**DATA FOR THIS EXERCISE**:
------------------------------

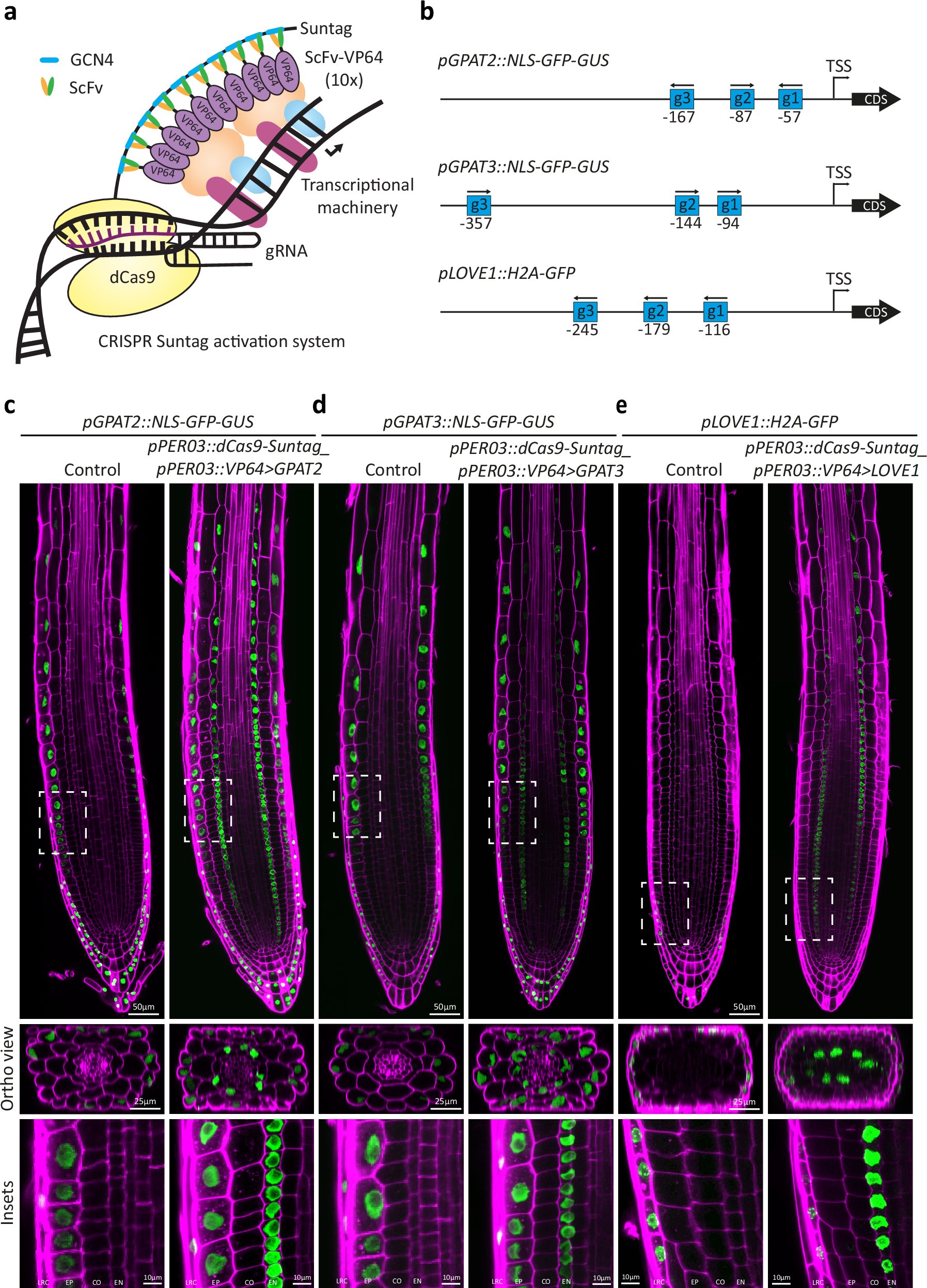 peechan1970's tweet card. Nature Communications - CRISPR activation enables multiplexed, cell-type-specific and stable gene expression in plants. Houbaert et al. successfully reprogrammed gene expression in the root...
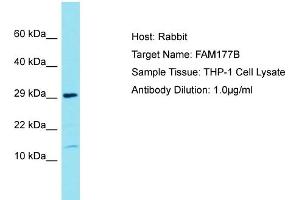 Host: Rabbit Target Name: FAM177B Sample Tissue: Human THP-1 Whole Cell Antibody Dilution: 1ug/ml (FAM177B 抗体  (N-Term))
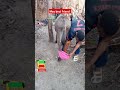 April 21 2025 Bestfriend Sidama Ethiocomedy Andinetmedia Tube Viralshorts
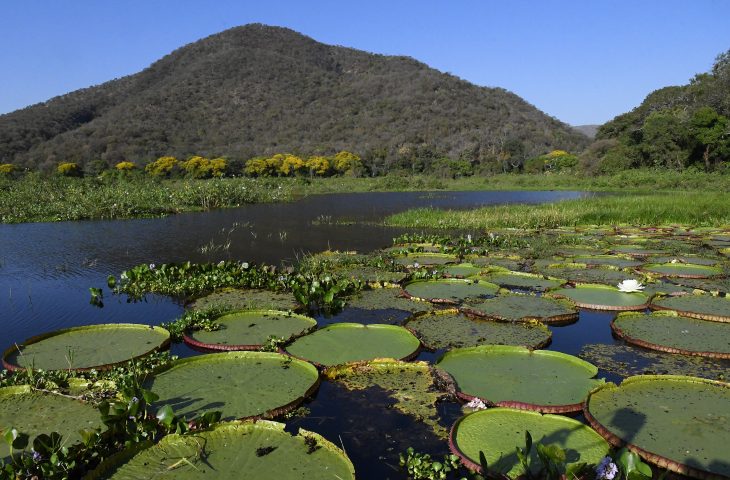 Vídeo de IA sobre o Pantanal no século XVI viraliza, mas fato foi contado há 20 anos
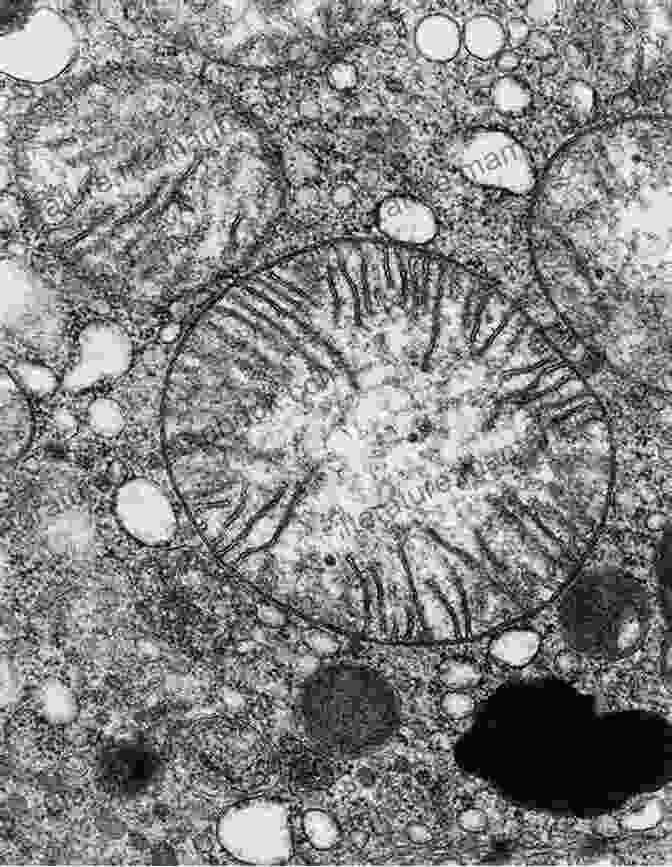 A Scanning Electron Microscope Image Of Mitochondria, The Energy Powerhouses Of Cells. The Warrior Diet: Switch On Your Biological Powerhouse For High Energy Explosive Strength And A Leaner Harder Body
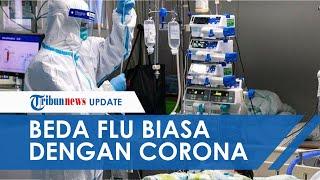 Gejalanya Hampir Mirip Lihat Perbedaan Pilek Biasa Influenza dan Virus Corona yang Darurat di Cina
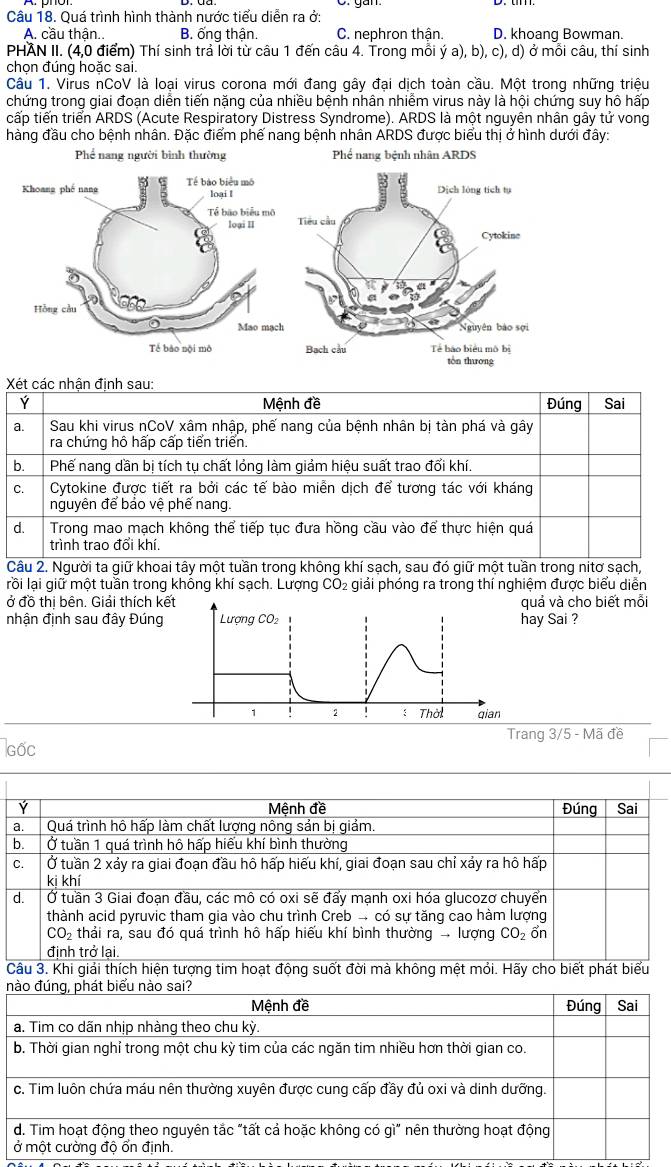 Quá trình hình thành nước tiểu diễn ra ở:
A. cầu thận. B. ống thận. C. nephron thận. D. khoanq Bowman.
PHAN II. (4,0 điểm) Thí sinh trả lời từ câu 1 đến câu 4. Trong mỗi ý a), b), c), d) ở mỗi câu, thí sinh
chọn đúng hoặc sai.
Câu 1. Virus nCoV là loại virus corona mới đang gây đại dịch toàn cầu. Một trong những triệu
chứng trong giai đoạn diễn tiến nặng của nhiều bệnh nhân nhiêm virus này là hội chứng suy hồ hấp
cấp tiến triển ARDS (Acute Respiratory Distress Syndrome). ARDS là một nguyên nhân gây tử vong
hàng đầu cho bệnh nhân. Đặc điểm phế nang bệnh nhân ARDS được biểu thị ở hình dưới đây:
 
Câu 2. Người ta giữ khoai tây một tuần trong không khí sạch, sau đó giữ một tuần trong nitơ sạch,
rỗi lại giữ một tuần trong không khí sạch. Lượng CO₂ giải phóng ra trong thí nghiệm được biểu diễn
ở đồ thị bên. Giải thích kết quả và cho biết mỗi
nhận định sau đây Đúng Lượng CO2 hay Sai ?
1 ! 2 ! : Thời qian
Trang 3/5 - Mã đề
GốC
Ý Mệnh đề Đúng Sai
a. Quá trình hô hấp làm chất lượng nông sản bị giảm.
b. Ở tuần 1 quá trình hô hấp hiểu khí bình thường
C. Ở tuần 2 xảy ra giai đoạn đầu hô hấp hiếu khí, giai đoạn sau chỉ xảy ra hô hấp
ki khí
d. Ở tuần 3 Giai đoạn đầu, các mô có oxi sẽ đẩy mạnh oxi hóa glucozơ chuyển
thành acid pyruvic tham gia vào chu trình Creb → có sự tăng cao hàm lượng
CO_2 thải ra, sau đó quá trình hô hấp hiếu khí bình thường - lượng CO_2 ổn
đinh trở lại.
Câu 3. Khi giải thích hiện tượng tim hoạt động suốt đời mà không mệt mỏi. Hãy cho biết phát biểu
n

------------------------------

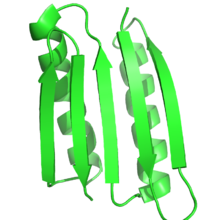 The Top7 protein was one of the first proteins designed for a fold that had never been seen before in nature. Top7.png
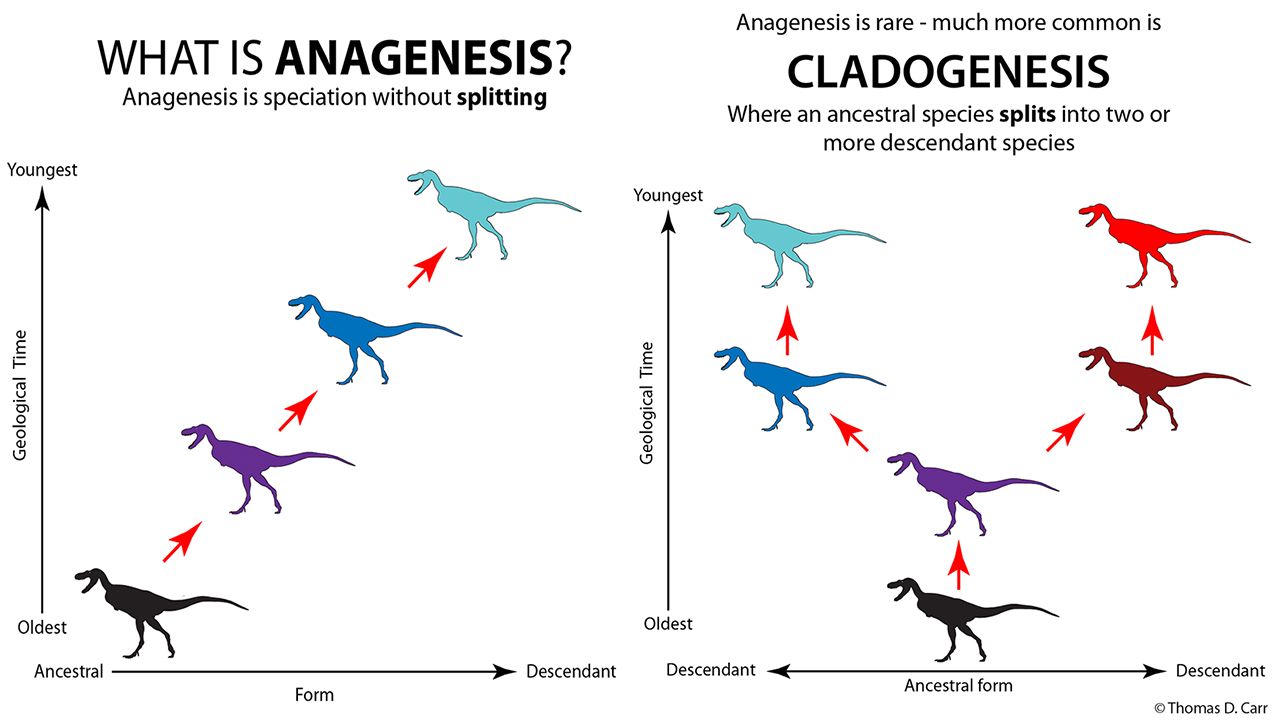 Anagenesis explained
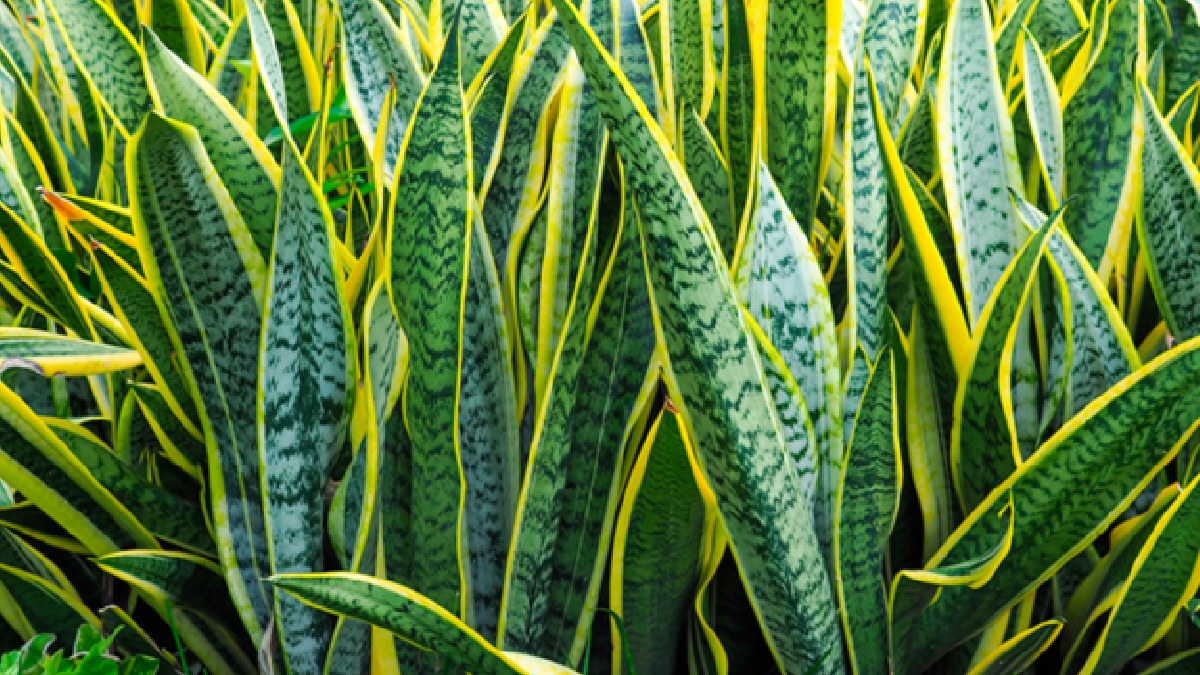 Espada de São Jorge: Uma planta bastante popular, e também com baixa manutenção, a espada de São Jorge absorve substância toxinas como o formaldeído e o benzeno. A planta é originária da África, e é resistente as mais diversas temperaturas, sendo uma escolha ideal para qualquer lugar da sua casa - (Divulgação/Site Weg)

------------------------------

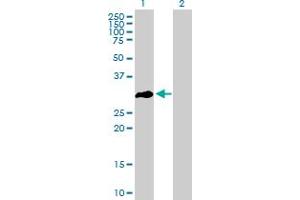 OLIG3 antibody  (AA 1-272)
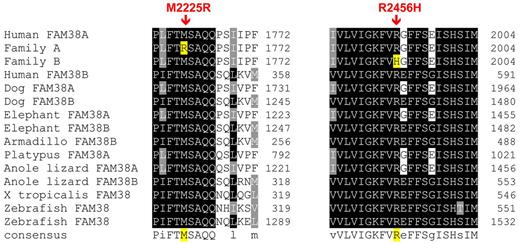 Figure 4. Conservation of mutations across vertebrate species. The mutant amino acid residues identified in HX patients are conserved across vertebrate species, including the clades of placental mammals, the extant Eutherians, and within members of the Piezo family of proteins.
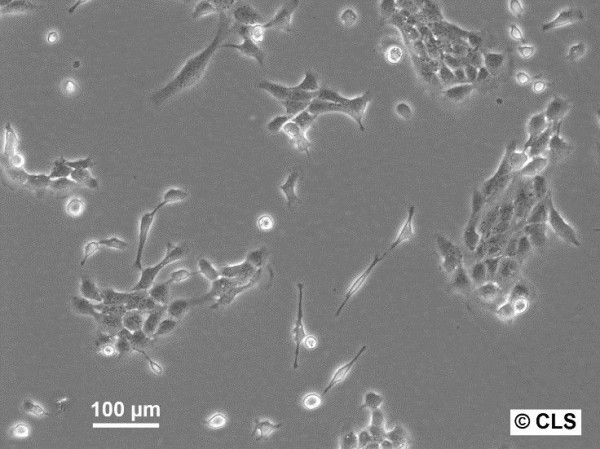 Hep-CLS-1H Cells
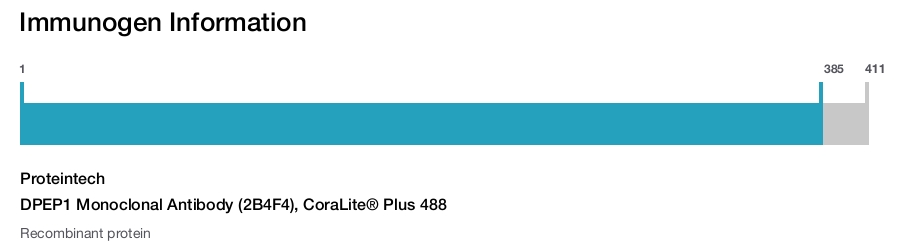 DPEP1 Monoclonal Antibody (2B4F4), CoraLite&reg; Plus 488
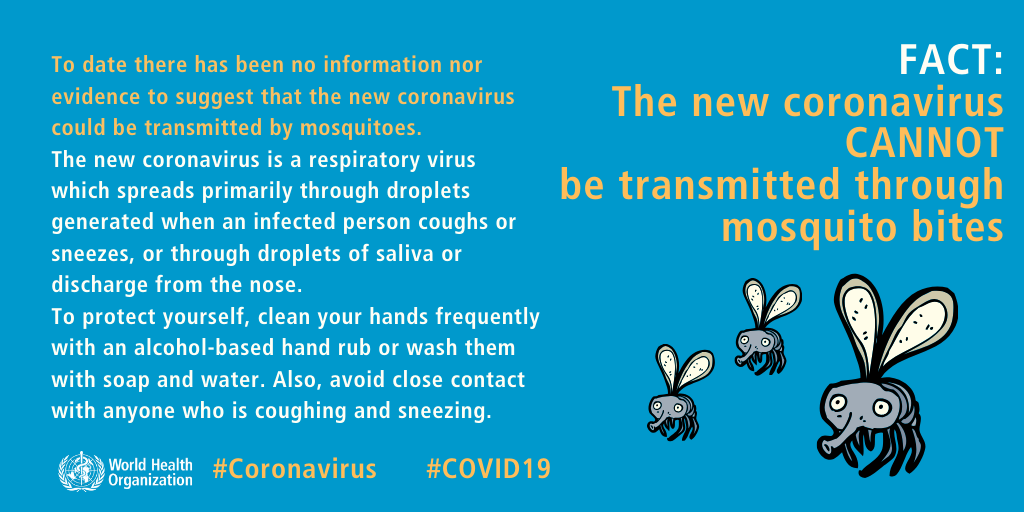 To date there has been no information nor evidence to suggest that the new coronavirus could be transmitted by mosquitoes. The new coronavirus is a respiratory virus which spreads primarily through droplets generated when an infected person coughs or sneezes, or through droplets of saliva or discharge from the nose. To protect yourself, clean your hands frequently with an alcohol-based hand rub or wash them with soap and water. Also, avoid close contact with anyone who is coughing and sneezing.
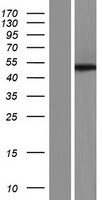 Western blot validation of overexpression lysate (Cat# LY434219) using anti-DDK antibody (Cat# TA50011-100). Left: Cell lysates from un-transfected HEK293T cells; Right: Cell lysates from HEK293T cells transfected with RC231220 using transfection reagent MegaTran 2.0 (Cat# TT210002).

------------------------------

**EXERCISE BRIEF**:
Only the lines above from the line with "cấp tiến triển" to the line with "Ý Mệnh đề Đúng Sai", those two lines included, should be reproduced exactly.

**FINISHED TASK**:
cấp tiến triển ARDS (Acute Respiratory Distress Syndrome). ARDS là một nguyên nhân gây tử vong
hàng đầu cho bệnh nhân. Đặc điểm phế nang bệnh nhân ARDS được biểu thị ở hình dưới đây:
 
Câu 2. Người ta giữ khoai tây một tuần trong không khí sạch, sau đó giữ một tuần trong nitơ sạch,
rỗi lại giữ một tuần trong không khí sạch. Lượng CO₂ giải phóng ra trong thí nghiệm được biểu diễn
ở đồ thị bên. Giải thích kết quả và cho biết mỗi
nhận định sau đây Đúng Lượng CO2 hay Sai ?
1 ! 2 ! : Thời qian
Trang 3/5 - Mã đề
GốC
Ý Mệnh đề Đúng Sai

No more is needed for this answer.